All this is of course not to label the literature of the American Renaissance as in any way “modernist.” Modernist literature specifically and with not a little self-contradiction attempts to represent an anxiety about whether the world can in fact be sufficiently understood by human beings to be represented in fiction. Romanticist literature of Nineteenth Century America is not concerned with whether the world can be represented but how to represent it, assuming (and along with realism this is the major epistemological divergence of Romanticism from modernism) that the world—whether physical, spiritual, social, or political—is intrinsically understandable to human perceptive and intellectual capacities. However, the fact that modernity, and a modernity not vastly different in concerns or effects from the present, underlay nearly all literary production of the American Renaissance is, I have come to believe at the semester’s end, indisputable. All of the essays I have written for this course have in some way found themselves necessarily concerned with modernity, and through those exercises as well as the class lectures and discussions I have learned to perceive the “old white fathers” of American literature as not so male, not so white, and not so old as I once assumed.

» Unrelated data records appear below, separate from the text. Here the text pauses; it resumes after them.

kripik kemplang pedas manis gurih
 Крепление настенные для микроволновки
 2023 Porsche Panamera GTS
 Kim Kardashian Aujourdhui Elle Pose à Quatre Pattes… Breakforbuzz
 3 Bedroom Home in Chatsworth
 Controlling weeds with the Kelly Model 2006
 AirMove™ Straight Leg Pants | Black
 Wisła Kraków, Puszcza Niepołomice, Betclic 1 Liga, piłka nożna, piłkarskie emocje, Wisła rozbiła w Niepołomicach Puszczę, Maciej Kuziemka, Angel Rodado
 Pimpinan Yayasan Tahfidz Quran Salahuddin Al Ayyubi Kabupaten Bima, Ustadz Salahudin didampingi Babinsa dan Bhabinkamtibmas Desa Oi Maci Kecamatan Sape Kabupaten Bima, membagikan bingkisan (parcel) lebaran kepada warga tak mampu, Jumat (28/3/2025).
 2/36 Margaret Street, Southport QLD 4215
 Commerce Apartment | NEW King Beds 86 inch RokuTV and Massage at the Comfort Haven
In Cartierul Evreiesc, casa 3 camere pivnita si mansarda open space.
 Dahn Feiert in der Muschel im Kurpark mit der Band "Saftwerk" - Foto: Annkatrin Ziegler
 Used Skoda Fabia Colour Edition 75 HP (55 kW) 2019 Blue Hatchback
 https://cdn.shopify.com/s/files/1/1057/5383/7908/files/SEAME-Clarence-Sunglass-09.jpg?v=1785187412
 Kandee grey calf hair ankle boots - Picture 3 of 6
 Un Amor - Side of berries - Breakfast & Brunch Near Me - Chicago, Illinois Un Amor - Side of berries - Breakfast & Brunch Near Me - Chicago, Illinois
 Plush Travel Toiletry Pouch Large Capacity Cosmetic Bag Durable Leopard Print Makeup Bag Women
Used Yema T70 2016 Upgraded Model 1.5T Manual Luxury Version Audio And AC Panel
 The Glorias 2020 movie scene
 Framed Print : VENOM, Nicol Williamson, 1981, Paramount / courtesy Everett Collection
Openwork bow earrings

On to business. As far as the course syllabus went, I felt that it was representative of the major texts of American Romanticism, which is to say I recognized most of the names and titles. However, it is difficult for me to know how much of the period is in fact telescoped into those texts. By this I mean that the course seemed to spend a little too much time on pre- and post-Romanticism. Definitely some pre-Romantic context should be given, and I’m loathe to see either Edwards’s “Sinners” or Rowlandson’s captivity narrative go, but it would have been nice were more time free for the American Renaissance itself, especially for more artists I’ve not heard of if any are relevant (and I assume that there are plenty; I’m not as ecumenical in my reading as I’d like). By the same token, and as a fan of modernists this is almost hard for me to write, four classes on post-Romanticism—almost a third of the semester—felt like too much.

Granted, there was a lot of good stuff; I make no secret of my infatuation with Faulkner, Henry James and Zora Hurston and Langston Hughes are always great, and I may never have read Katherine Porter’s “The Grave,” one of my favorite stories of the semester, were it not included in the syllabus. But the really important bits might be able to be compressed into just one or two classes, maybe one day of Daisy Miller for realism, and another day with one modernist story and a handful Jazz Age poetry to bring us to the Twentieth Century. Meanwhile the rest of the semester could be fleshed out with (as we talked about in class) more poetry—my own preference would be more Dickinson, Whitman, and Poe, but I’d have loved to have encountered Romanticist poets I’ve not heard of—and, because it seemed that Native Americans were somewhat underrepresented on the whole, perhaps some selections from Black Elk Speaks, which I remember from last semester’s class on minority literature as highly Romanticist. Melville would have been nice to see too, though I have no idea how Moby-Dick would fit in without taking over the entire course.

A last wish, and this is really stuffing Helena’s imaginary syllabus with ten pounds of texts in a five-pound text-bag, would have been some contextualization with European Romanticism, some Keats or Goethe contrasted with Whitman et al., in the early days of the semester. Otherwise, the texts were engaging, the assignments challenging, and my classmates invigorating, while the course overall gave me opportunity to reconsider my position on pre-Twentieth Century American literature. Historical contextualization does wonders, and I came out of the semester less ready to dismiss those authors and works I’ve been trained to think of, by my education as well as my personal interests, as outdated and irrelevant to my post-post-modern/colonial/national world.